As a property owner, it's important to ensure that your investment is managed efficiently and effectively.

Monday, May 22nd 2023, 11:33AM 4 Comments

This requires finding a competent property manager who can handle all aspects of property management, such as tenant screening and maintenance issues, says property management company Propertyscouts.

However, not all property managers are equal, and it's crucial to ask the right questions before entrusting your property to anyone.

Propertyscouts director Ryan Weir says while the company receives many inquiries as property managers, there are a few critical questions that are rarely asked:

1. What's the on-time rent payment percentage?

One of the biggest risks for landlords is rental arrears. If the tenant misses a payment, the outgoings for the landlord don’t stop. When tenants fail to pay rent on time, landlords can find themselves facing financial pressure, as they still have regular payments to make, such as mortgage payments, rates, insurance, repairs, and maintenance. It's therefore essential to ask your property manager what percentage of their tenants make on-time rental payments.
Ideally, the percentage should be more than 98%. A figure of 99% is considered very good. Asking the property manager about the percentage of tenants making on-time rental payments can help landlords prepare for possible rent payment delays and plan accordingly.

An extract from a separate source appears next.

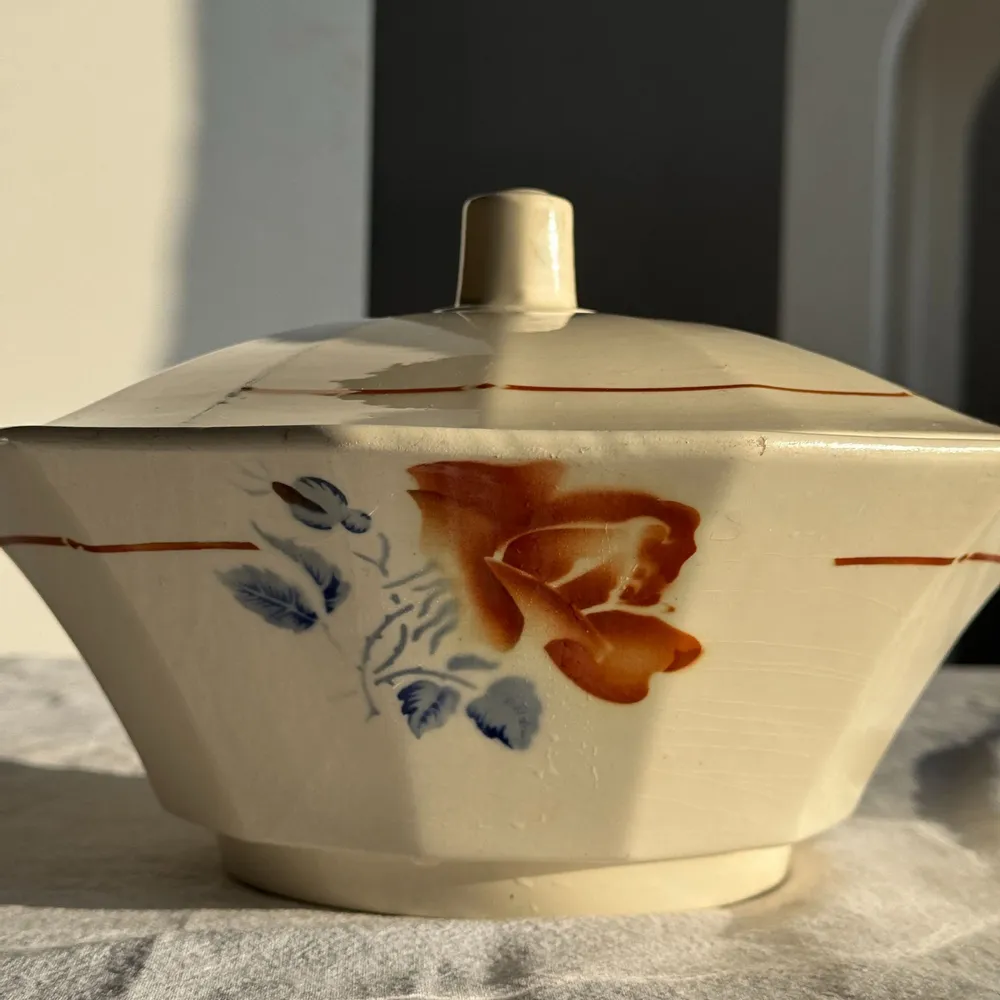 Platter and bowls - Sarreguemines tureen with antique lid with rose pattern D33 H28 - OFFICE OBJETS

Propertyscouts, offers property owners a rent guarantee. This means that even if a tenant falls into arrears, on-time payments are unlikely to be an issue.

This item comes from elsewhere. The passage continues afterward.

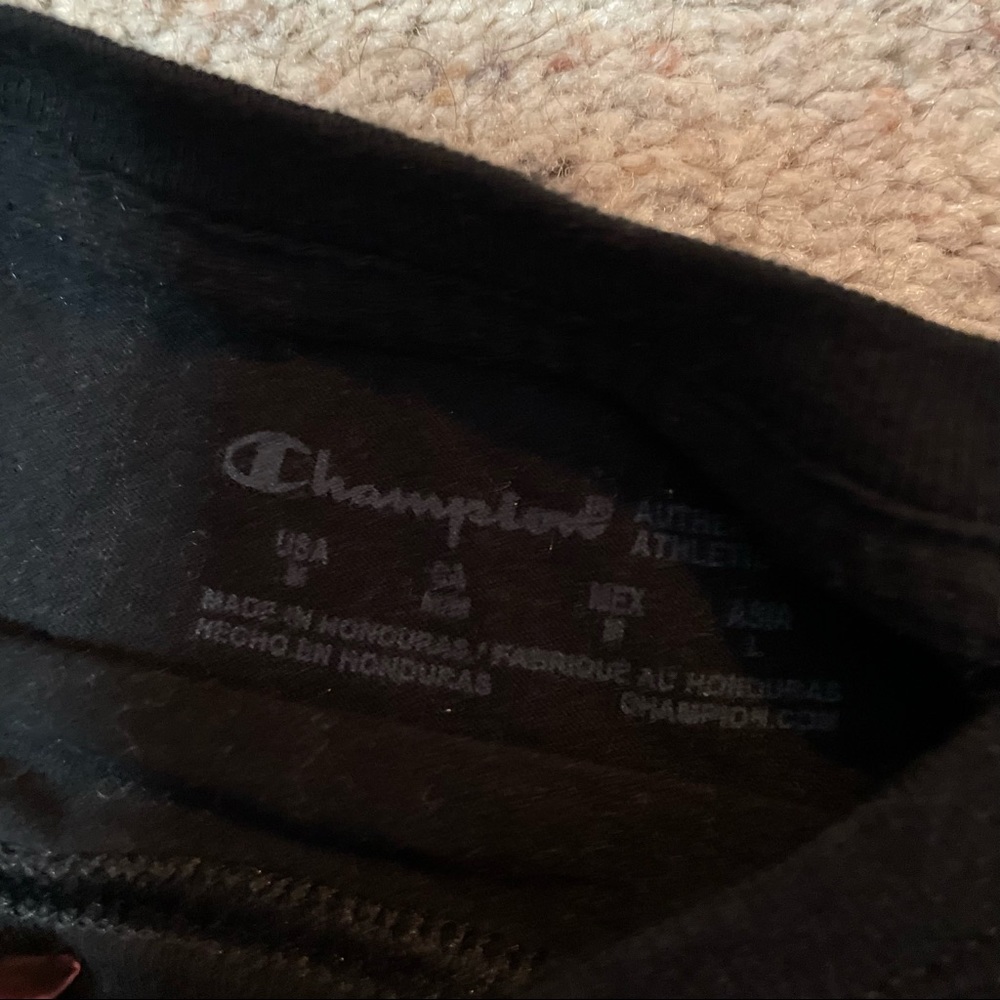 Champion tee - Picture 2 of 3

2. What's the occupancy rate?

Occupancy rate is another crucial factor to consider when choosing a property manager. A higher occupancy rate means fewer vacancies and more rental income for you. What's the point in saving a little on the management fee if their occupancy rate is worse than a more expensive property manager?

Let's say the rent for your property is $580 per week, making the total rent per annum $30,160 (52 x $580) based on 100% occupancy. A good property manager may achieve a 99% occupancy rate, meaning the property is empty for only one week every two years, resulting in a loss of half a week's rent per year on average ($290).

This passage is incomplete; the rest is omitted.